Work request →
Copy only what lies from the line containing "TREASURE - MERLIN" through the line containing "Cheriswelry 21.87 Yards" in the entries below, keeping both end lines exact and dropping every picture.

Input for this task →
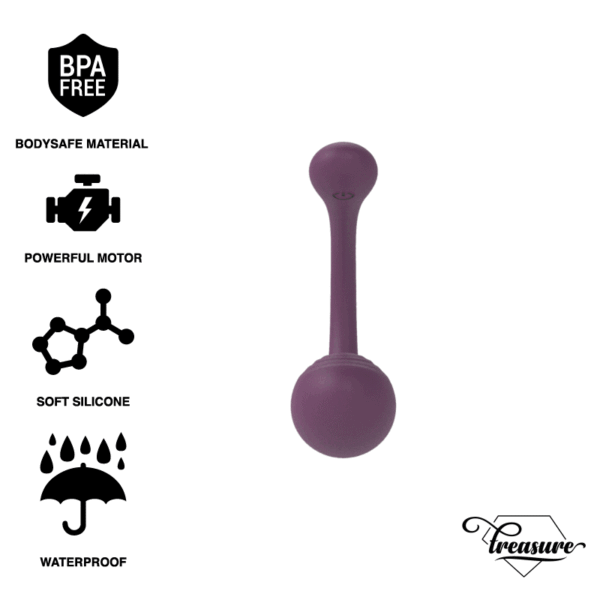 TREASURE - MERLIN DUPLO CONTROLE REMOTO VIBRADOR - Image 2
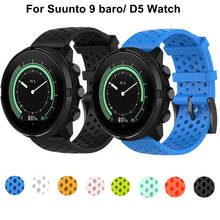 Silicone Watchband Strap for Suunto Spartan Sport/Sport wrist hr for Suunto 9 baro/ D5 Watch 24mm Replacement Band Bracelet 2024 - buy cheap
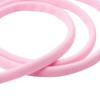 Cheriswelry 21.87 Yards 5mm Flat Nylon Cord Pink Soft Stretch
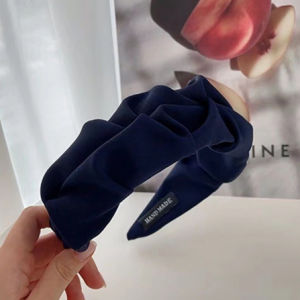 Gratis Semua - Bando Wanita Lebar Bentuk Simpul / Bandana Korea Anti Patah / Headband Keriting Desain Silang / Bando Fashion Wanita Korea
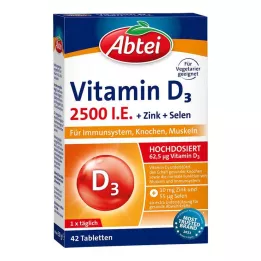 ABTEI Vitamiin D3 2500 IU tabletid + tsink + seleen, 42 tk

--

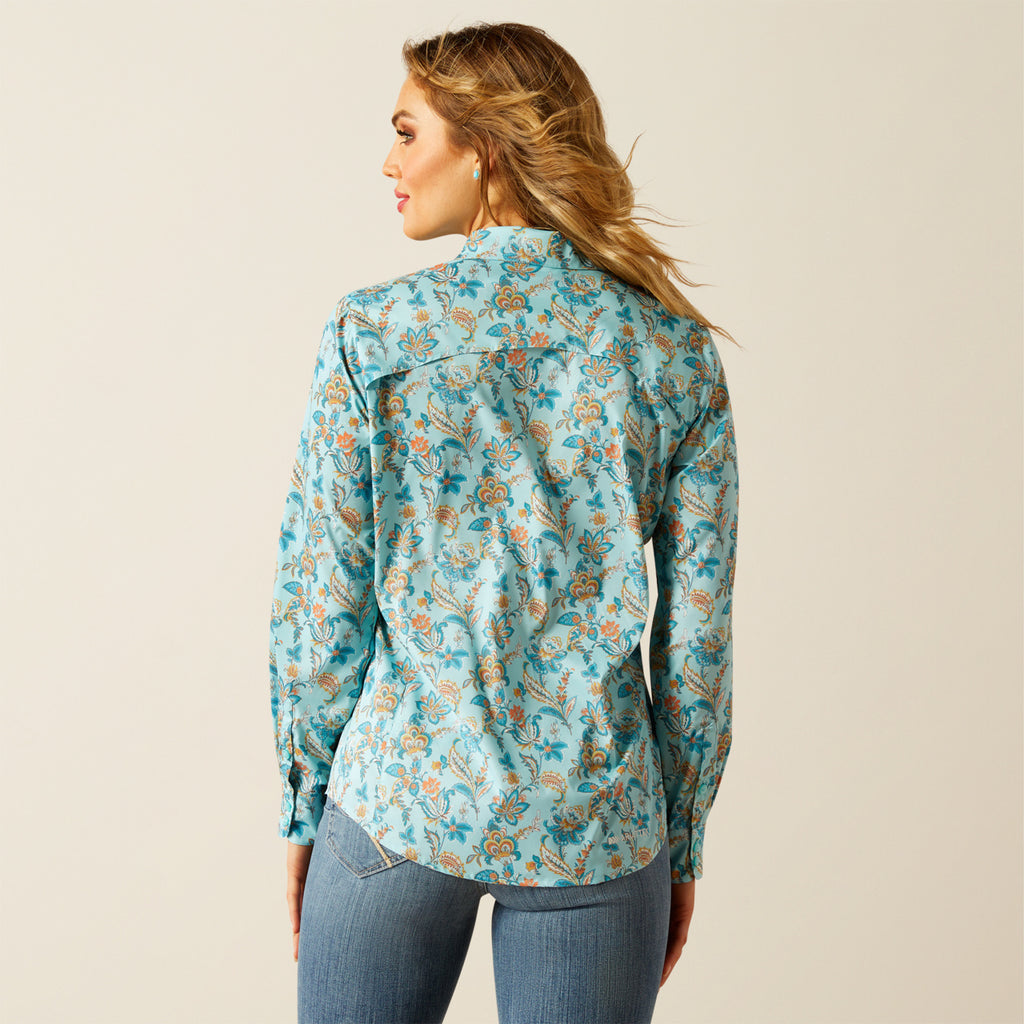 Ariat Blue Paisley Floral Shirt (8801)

==

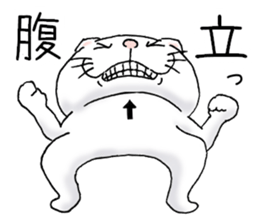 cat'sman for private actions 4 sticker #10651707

Answer area →
 TREASURE - MERLIN DUPLO CONTROLE REMOTO VIBRADOR - Image 2
 Silicone Watchband Strap for Suunto Spartan Sport/Sport wrist hr for Suunto 9 baro/ D5 Watch 24mm Replacement Band Bracelet 2024 - buy cheap
 Cheriswelry 21.87 Yards 5mm Flat Nylon Cord Pink Soft Stretch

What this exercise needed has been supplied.